Ether is currently sitting just below $1,600, which is the same level it was last week. The development follows reports that whale addresses on the exchanges have seen a 78% increase in their holdings over the past three months, Santiment said. The influx of crypto assets into exchanges usually involves bearish sentiment and profit taking, meaning whales expect the price of Ethereum to fall. Whether the merger will be a “buy the rumor, sell the news” moment remains to be seen, but for now, technical analysis means we could see a lot of blockchain action in the coming weeks.

Mars brings Bored Ape Yacht Club NFTs to life with M&Ms

Mars has partnered with music label UMG to secure the rights to use Bored Ape NFT footage on M&Ms.

Owners of Bored Ape Yacht Club and Mutant Ape Yacht Club had early access to purchase the chocolate, with only 10,000 packs available, divided into boxes and gift jars.

However, only certain owners will see their image on the candies. Bored Ape NFT owners can assign their images to brands as they see fit. Mars’ deal with UMG (via the 10:22PM label) is an example, and Bored Ape’s images have already been used for clothing, fast food restaurants and more.

Will the Energy Crisis Affect Bitcoin Mining?

With the energy crisis making headlines in recent weeks, it is no surprise to learn that it is now impacting Bitcoin mining.

With a 50% drop in the price of Bitcoin and an increase in energy prices, it is understandable that some miners want to cover their losses due to the amount of energy required to mine this asset.

It turns out that some miners are now selling power back to the network to make up for the lower Bitcoin price. Some are even paid to shut down their operations during peak hours so they can feed power back into the grid while reducing the cost of their products.

As the cost of living crisis deepens and a potential bear market develops, this could be another potential side effect, with production levels potentially falling below previous months as energy costs continue to rise.

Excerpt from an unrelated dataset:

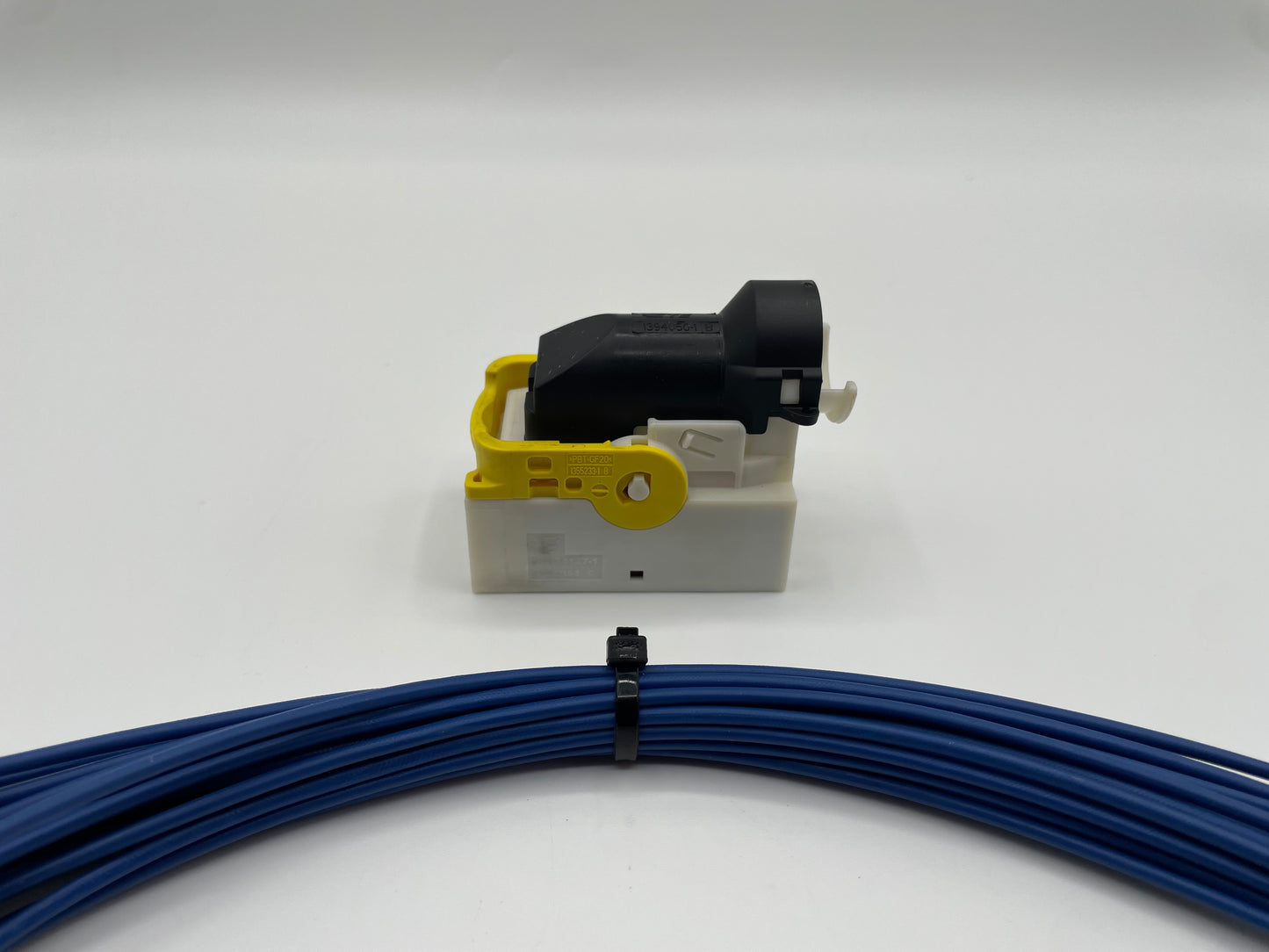 21 pin connector white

Singapore Considers Possible Restrictions on Crypto Assets

The Monetary Authority of Singapore (MAS) is holding a public consultation on possible proposals to restrict the way private investors in the country handle crypto assets.

While no final proposals have yet been submitted, new rules would likely include customer suitability tests and potential leverage restrictions. MAS said it will focus on five risk areas: ML/TF, technology and cyber risk, consumer harm, stablecoins and financial stability. The MAS joins a growing group of regulators looking to implement stricter guidelines for crypto assets (especially for retail investors). While all investments involve risk, it may not be surprising to see more regulators making noise as crypto assets, such as stocks, enter a bear market and price movements remain flat.